Whoa, thanks for the huge writeup! I honestly didn't know much about the source material, or even that it was based on anything!
Also cool that this and Vampire: The Masquerade are in the same shared universe
 

Teeth

Member
Nov 4, 2017
3,940
Whoa, thanks for the huge writeup! I honestly didn't know much about the source material, or even that it was based on anything!
Also cool that this and Vampire: The Masquerade are in the same shared universe

Yeah, the overarching "World of Darkness" has these extensive rulesets/lore for a whole bunch of different monsters - Aside from Vampire and Werewolf (the two most popular), they had Wraith: The Oblivion (ghosts), Mage: The Ascension (magic/witches/warlocks), Changeling: The Dreaming (Gaelic faeries and shapeshifters), Hunter: The Reckoning (monster hunters), and Mummy: The Resurrection (Egyption myths/monsters).

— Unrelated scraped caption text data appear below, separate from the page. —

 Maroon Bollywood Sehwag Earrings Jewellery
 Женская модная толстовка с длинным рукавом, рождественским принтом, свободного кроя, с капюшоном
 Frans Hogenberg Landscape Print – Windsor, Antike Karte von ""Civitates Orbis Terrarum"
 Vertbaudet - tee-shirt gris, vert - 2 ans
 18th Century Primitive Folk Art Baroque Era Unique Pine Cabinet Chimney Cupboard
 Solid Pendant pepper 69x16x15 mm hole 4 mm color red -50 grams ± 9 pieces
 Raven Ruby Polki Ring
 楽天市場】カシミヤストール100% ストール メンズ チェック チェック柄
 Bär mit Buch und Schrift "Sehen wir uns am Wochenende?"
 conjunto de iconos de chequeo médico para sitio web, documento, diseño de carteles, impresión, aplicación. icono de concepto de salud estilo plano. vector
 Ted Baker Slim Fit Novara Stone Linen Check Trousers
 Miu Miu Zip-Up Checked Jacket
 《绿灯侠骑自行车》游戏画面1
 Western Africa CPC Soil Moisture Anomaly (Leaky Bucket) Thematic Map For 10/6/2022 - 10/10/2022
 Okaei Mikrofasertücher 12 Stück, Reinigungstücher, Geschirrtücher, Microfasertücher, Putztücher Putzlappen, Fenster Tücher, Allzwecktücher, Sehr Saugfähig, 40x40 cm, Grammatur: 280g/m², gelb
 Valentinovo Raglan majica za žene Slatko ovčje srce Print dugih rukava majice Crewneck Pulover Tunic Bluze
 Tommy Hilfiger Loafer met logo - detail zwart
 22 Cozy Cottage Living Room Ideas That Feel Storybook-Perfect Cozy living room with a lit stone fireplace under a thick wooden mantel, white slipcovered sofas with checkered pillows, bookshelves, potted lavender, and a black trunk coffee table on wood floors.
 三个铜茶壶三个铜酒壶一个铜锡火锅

They are all very 90s, which, as a 90s kid, i thought they were super cool. They all likely have some very not-good elements that I was completely blind to at the time. That said, I've been waiting for some kind of Werewolf The Apocalypse game for 20+ years, so i'll still take whatever I can get hahahah.
 

Sameer Sedlar

Member
Feb 8, 2018
395
Egypt
It looks quite okay, nothing that good though, which is a letdown, I had high hopes for it.
I could swear that their previous games looked better especially Styx Shards of Darkness.